2020 is the year of linux on the desktop, bro
Fun Shoe

Jewel posted:

Edit: Using this post to share: My friend showed me this http://stackoverflow.com/questions/21186724/have-i-tattooed-a-syntax-error-on-my-arm?newsletter=1&nlcode=4592|dedb it's kind of a coding horror in a way :gonk:

I expect no less from a language that has "Quote Removal" as one of its parsing steps.

Dren
Jan 5, 2001

Pillbug

Manslaughter posted:

Whoops, had it backwards. Expecting ASCII, got UTF8. Even though I'm using UTF8 GetBytes. Guess I picked one at random, said "eh it works" and moved on.

It was a thing that made the length of the string different from the length of the bytes.
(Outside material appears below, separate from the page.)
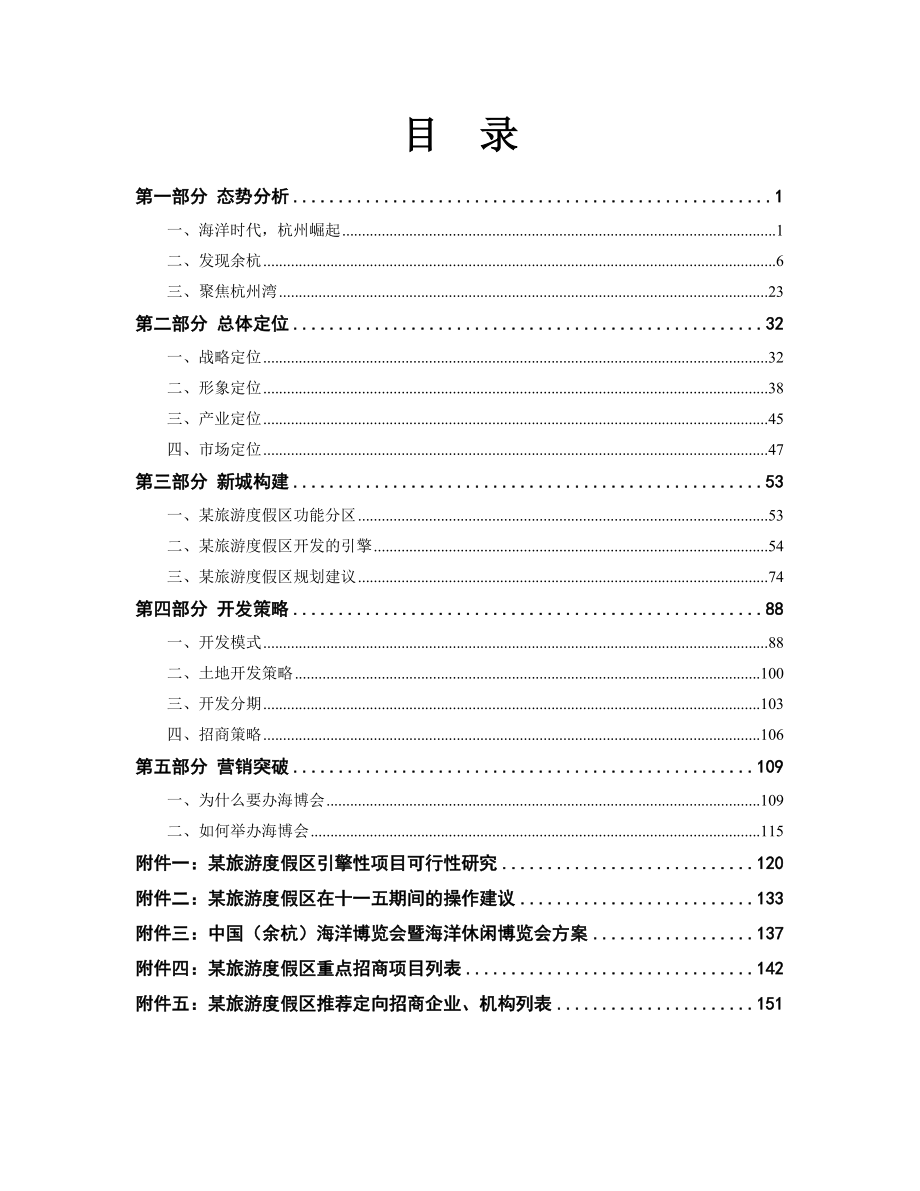 万达杭州项目测算(王志纲工作室)-157页_第3页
So the stream got cut off early because I was measuring the string length and not the byte length.

(gently caress your bytes)

While you're in there you might as well change things to support all Unicode, as json is defined to be unicode by rfc4627.

code:
3.  Encoding

   JSON text SHALL be encoded in Unicode.  The default encoding is
   UTF-8.

   Since the first two characters of a JSON text will always be ASCII
   characters [RFC0020], it is possible to determine whether an octet
   stream is UTF-8, UTF-16 (BE or LE), or UTF-32 (BE or LE) by looking
   at the pattern of nulls in the first four octets.

           00 00 00 xx  UTF-32BE
           00 xx 00 xx  UTF-16BE
           xx 00 00 00  UTF-32LE
           xx 00 xx 00  UTF-16LE
           xx xx xx xx  UTF-8
http://www.ietf.org/rfc/rfc4627.txt

jiggerypokery
Feb 1, 2012

...But I could hardly wait six months with a red hot jape like that under me belt.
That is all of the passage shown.